● What you should do
Please repeat only the lines below starting at the line that holds "Large Bauer Vapor" and ending at the line that holds "5 Days Private", exactly, with both of those lines included and every picture omitted.

● Records for this task
>>>>

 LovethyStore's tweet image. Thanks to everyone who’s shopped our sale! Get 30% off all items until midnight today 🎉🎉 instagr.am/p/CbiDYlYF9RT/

<<<<
>>>>

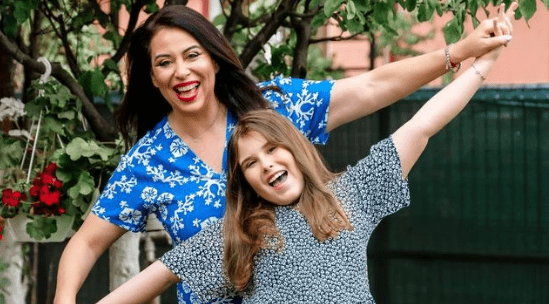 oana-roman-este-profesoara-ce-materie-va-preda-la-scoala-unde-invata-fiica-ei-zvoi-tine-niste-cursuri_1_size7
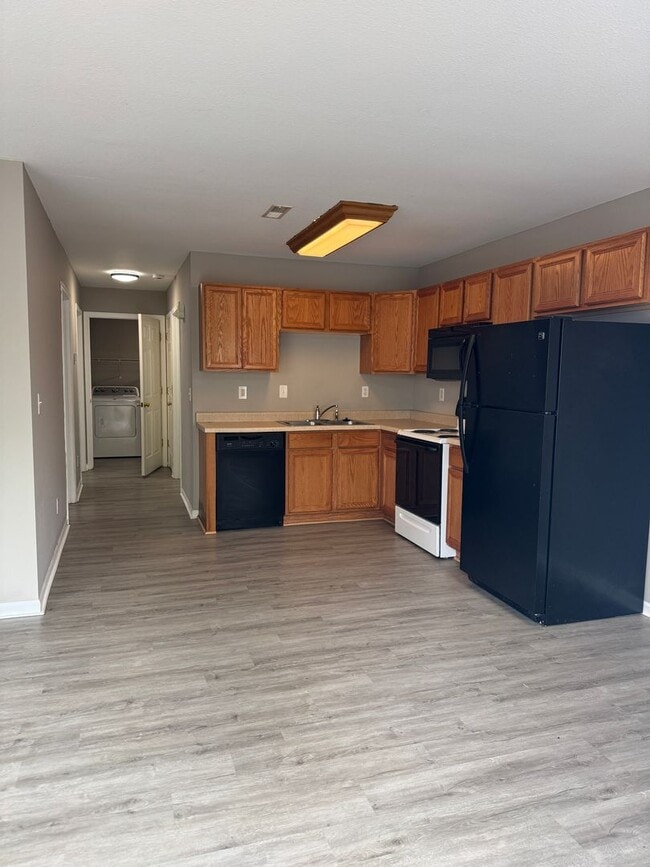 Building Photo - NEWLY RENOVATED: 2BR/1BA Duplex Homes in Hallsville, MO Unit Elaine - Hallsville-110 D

<<<<
>>>>

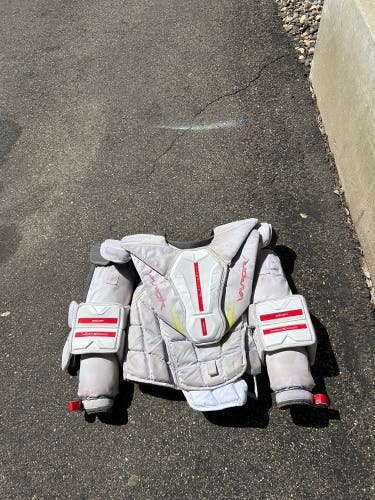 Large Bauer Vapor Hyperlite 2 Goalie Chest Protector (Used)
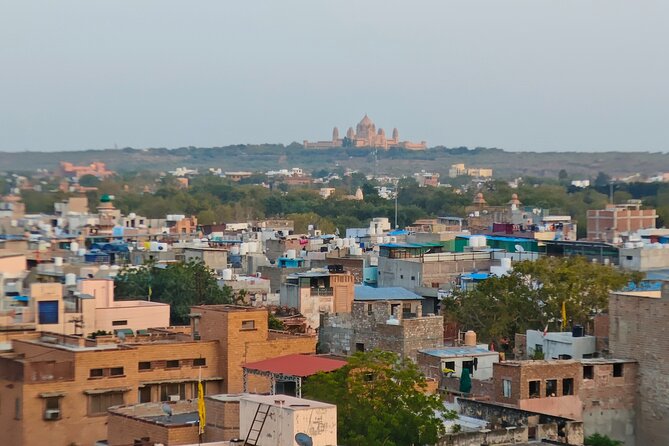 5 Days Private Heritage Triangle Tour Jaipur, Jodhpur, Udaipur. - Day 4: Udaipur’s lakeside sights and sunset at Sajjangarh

<<<<

● Output of the exercise
 Large Bauer Vapor Hyperlite 2 Goalie Chest Protector (Used)
 5 Days Private Heritage Triangle Tour Jaipur, Jodhpur, Udaipur. - Day 4: Udaipur’s lakeside sights and sunset at Sajjangarh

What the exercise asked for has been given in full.